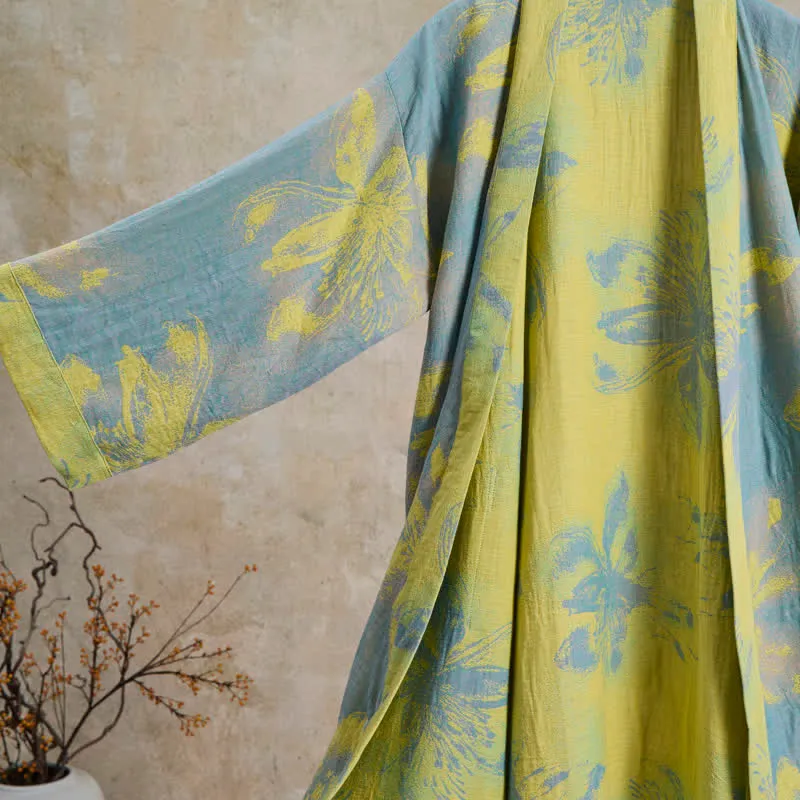 Kimono-Bademantel aus doppellagigem Baumwollgewebe mit Blumenmuster im Boho-Stil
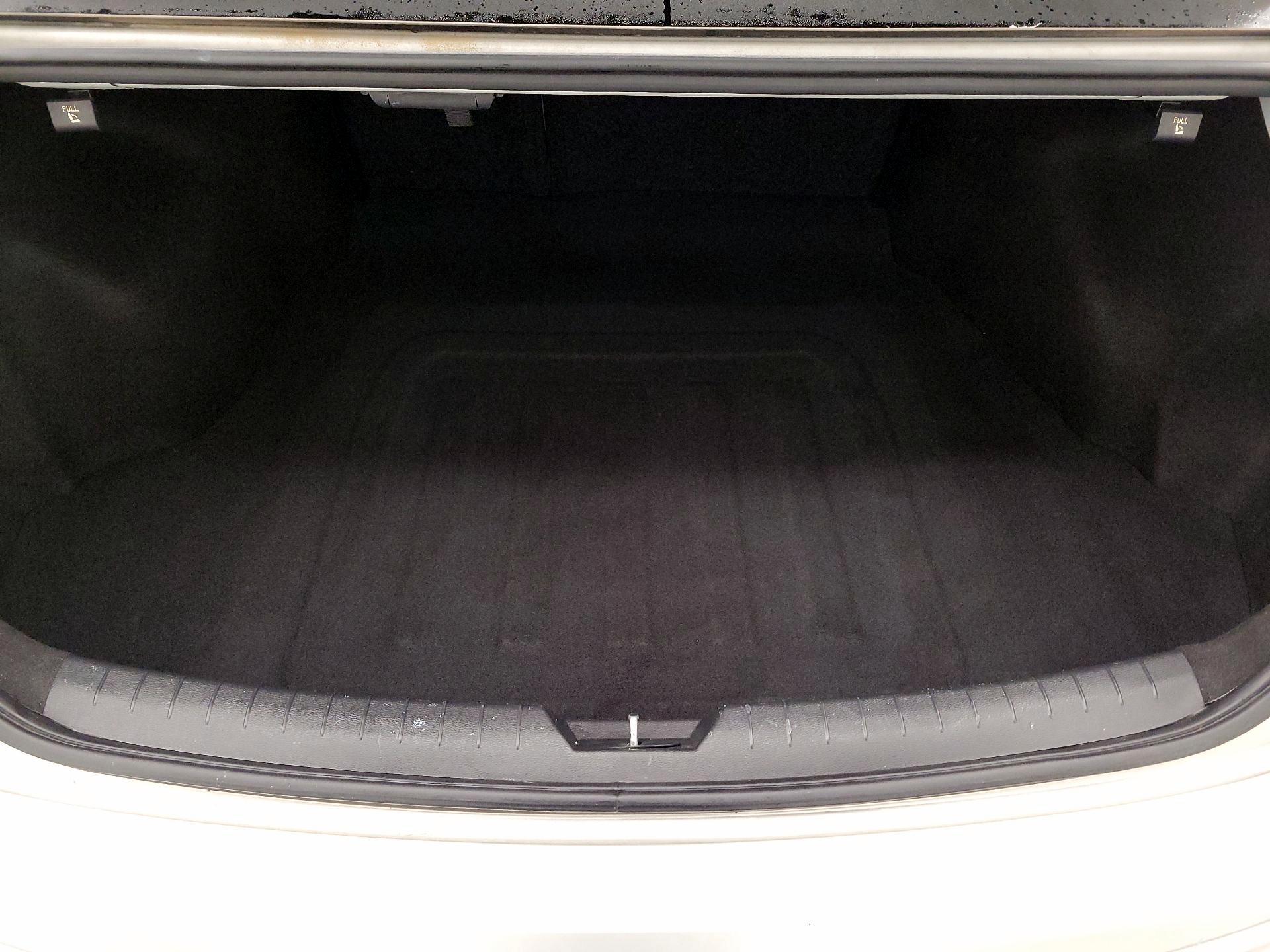 Thumbnail: 2018 Hyundai Sonata - 20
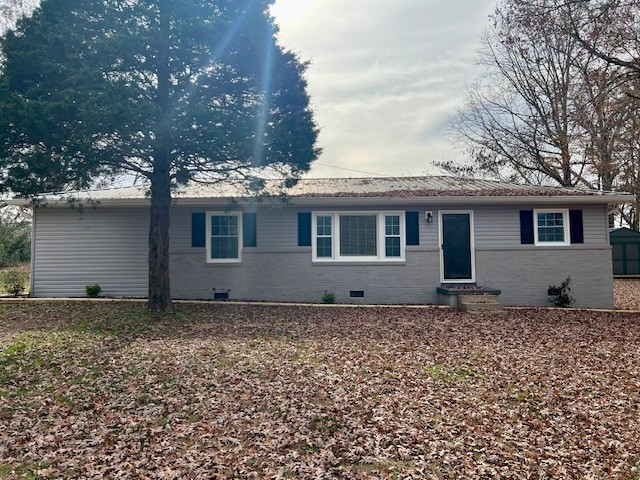 a backyard of a house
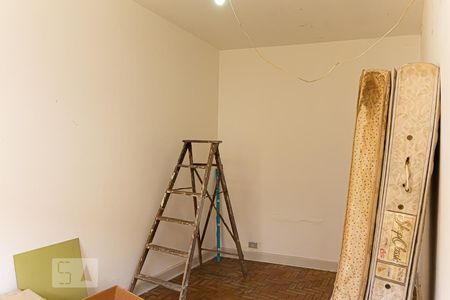 Casa à venda com 385m², 5 quartos e 6 vagasQuarto de Serviço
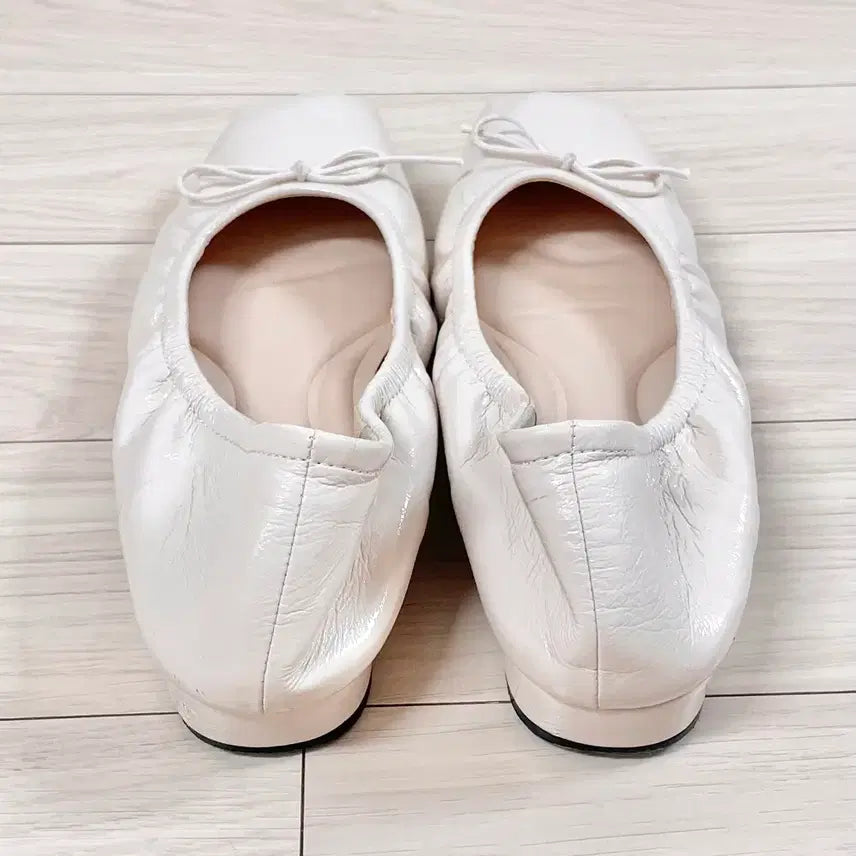[BUNJANG] Sappun Enamel Flat Shoes / 사뿐 에나멜 플랫슈즈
• • •
* **WHAT THE TASK REQUIRES**: All entries must come back exactly as written, though without their pictures.

* **ANSWER TO THIS TASK**:
 Kimono-Bademantel aus doppellagigem Baumwollgewebe mit Blumenmuster im Boho-Stil
 Thumbnail: 2018 Hyundai Sonata - 20
 a backyard of a house
 Casa à venda com 385m², 5 quartos e 6 vagasQuarto de Serviço
[BUNJANG] Sappun Enamel Flat Shoes / 사뿐 에나멜 플랫슈즈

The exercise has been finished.